ANSWERS: 6
  • The jury is still out on this one. Most historians believe in one of the two deaths below, but in order to understand the first one, the reader will first require some knowledge of the Pythagoreans. Pythagoras of Samos was born appx. 580 BC. Little is known about his early years, except that from around 550 BC, he spent significant time travelling around the known world. He settled down in Croton in 532 BC, where he began to teach and soon gathered a large group of students. The early followers were upper or middle class, wealthy and active in politics and business. Under Pythagoras, they formed a moral elite, striving to perfect their mental and physical form. They believed in a perfectly ordered universe, operating like clockwork. They had an incredible amount of rules, including not eating beans (beans were associated with testicles and therefore represented one's father - go figure), not allowing swallows in the house, touching the earth during thunderstorms, smoothing one's imprint on bedclothes and not picking up items dropped from a table. As for Pythagoras' death, there are two theories. They agree that around 500 BC, there was an uprising against the Pythagoreans and the city of Croton was pillaged and burned. Pythagoras fled and was either caught and killed by rebels when he refused to cross a bean field, or managed to make his way to Metapontum (on the coast of Italy), where he took refuge in the Temple of the Muses and eventually died of starvation.

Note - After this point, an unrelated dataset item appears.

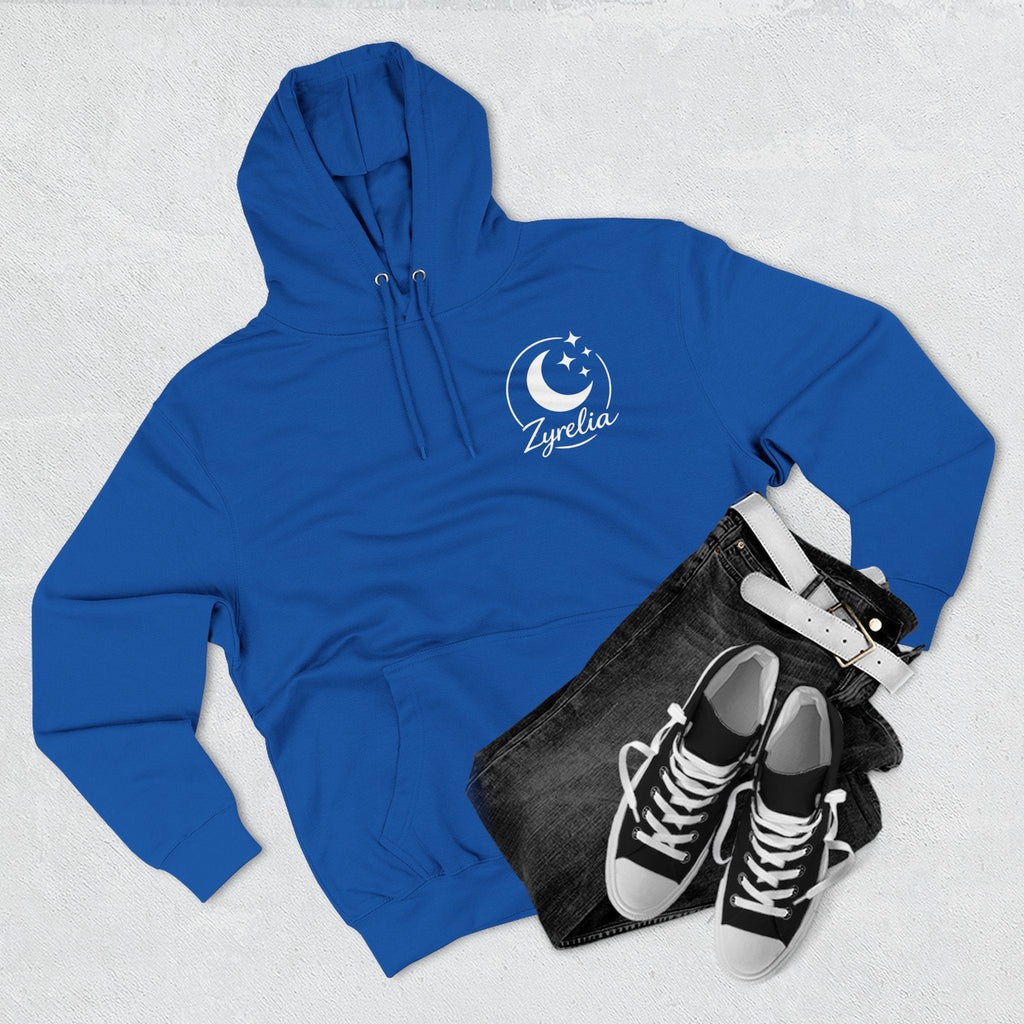Three - Panel Fleece Hoodie — Cozy White Pullover Hoodie - Zyrelia Official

  • Because of his death urge!
  • A giant triangle fell from above, as revenge for making us all study the bloody theorum at school
  • Pythagoras was trapped in a farmhouse with all of his disciples. The house was burned to the ground, killing Pythagoras and all of his followers, which served to halt the spread of his teachings. Man has suffered greatly from the loss of this knowledge.
  • Travis is an easter egg
  • A war broke out between the Greeks and the Romans. The Romans invaded Greece. Once when Pythogoras was busy doing some mathematical calculations on the sand, a Roman soldier approached him and askhim for some directions towards a temple. Being deeply involved in the maths, Pythogoras paid no attention to him. Outraged by this very encounter with Pythogoras, the Roman took his sword and Killed Pythogoras.